| Task brief |
Without the pictures, set down every record below exactly as it reads.

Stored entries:

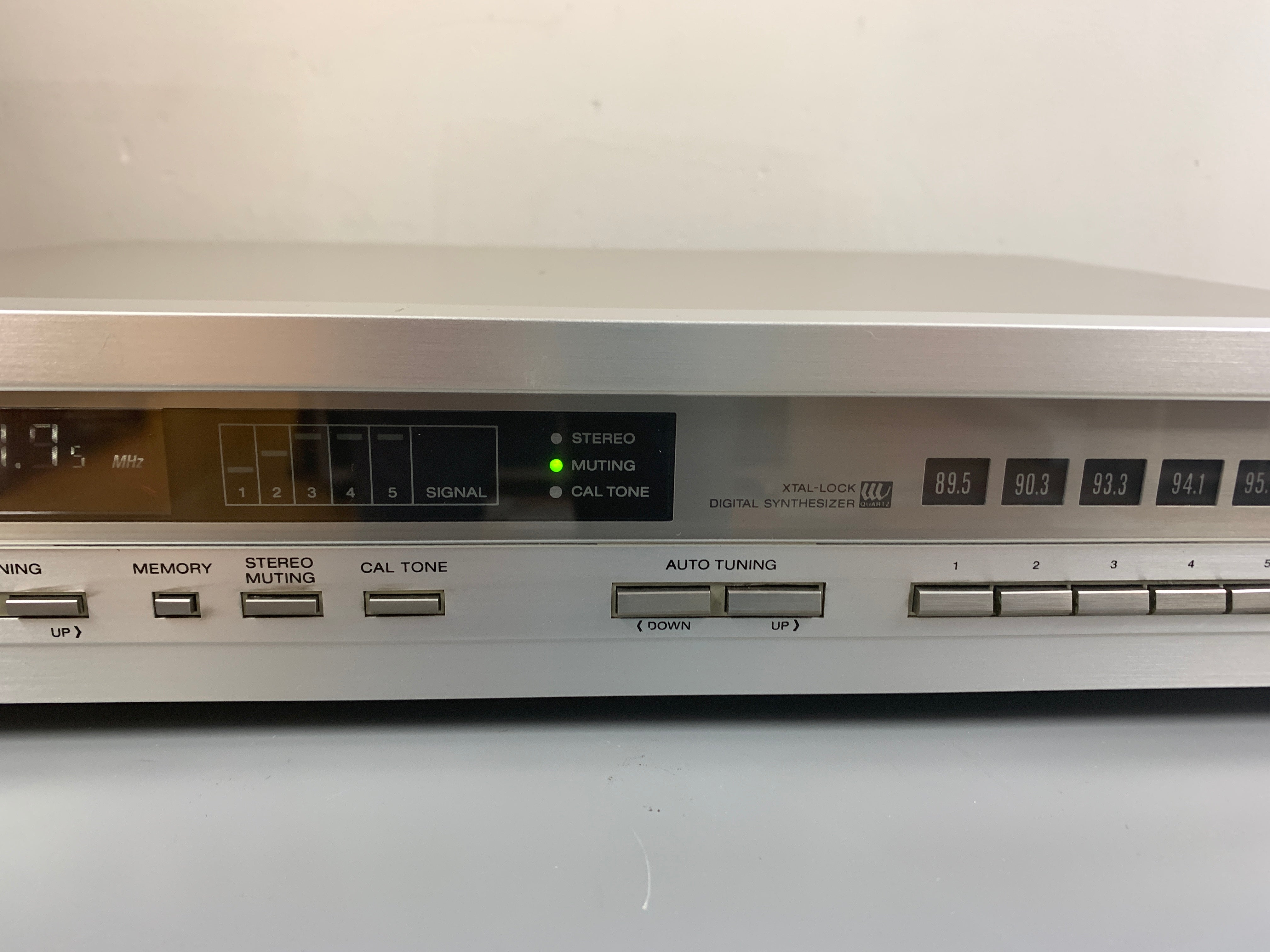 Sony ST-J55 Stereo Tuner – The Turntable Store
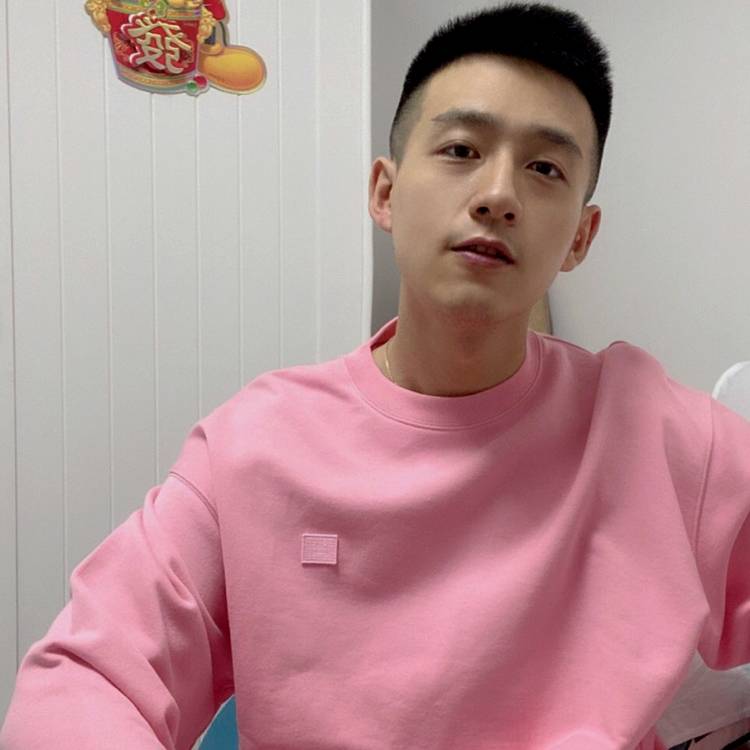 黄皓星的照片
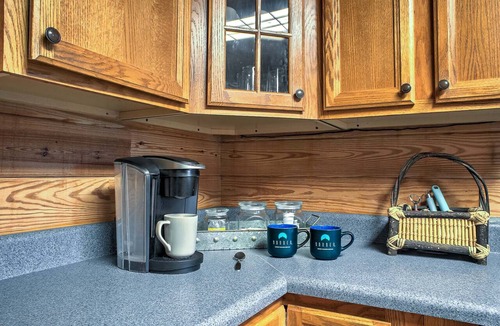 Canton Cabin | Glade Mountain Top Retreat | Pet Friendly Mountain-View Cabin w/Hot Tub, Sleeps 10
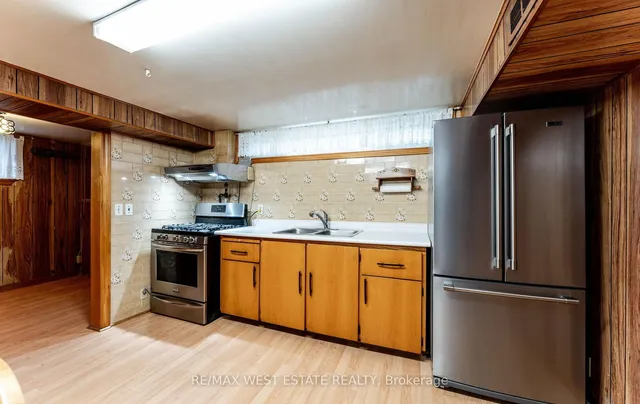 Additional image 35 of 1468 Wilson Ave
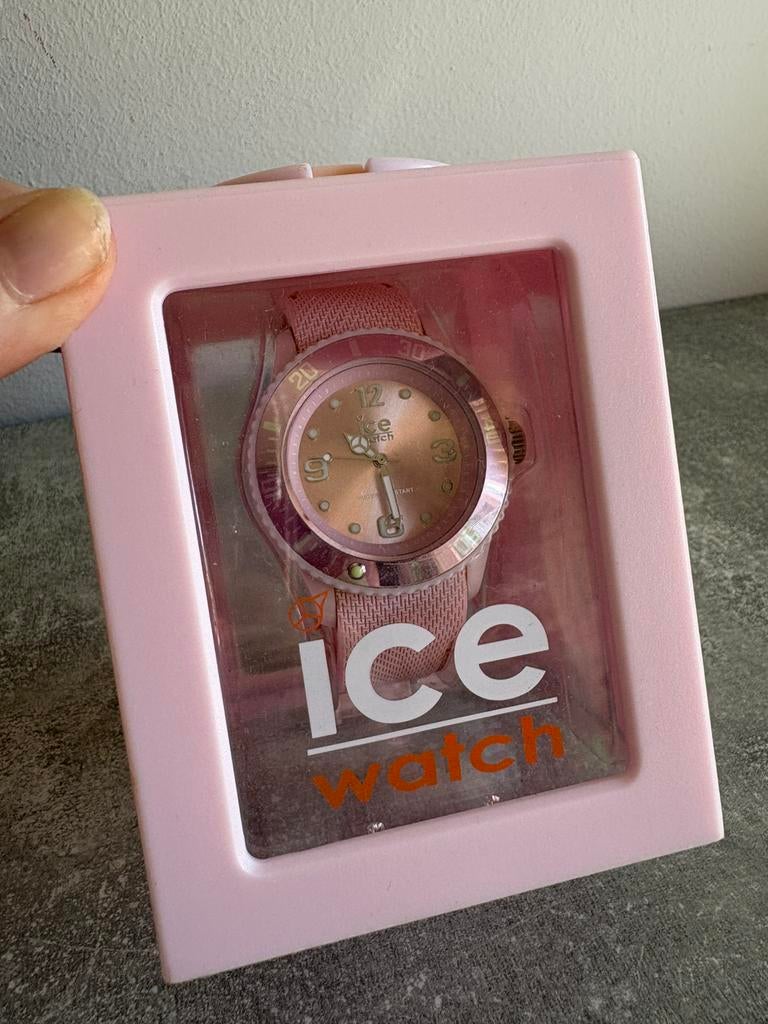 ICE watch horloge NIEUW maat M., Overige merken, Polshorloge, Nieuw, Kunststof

| Output for this task |
 Sony ST-J55 Stereo Tuner – The Turntable Store
 黄皓星的照片
 Canton Cabin | Glade Mountain Top Retreat | Pet Friendly Mountain-View Cabin w/Hot Tub, Sleeps 10
 Additional image 35 of 1468 Wilson Ave
 ICE watch horloge NIEUW maat M., Overige merken, Polshorloge, Nieuw, Kunststof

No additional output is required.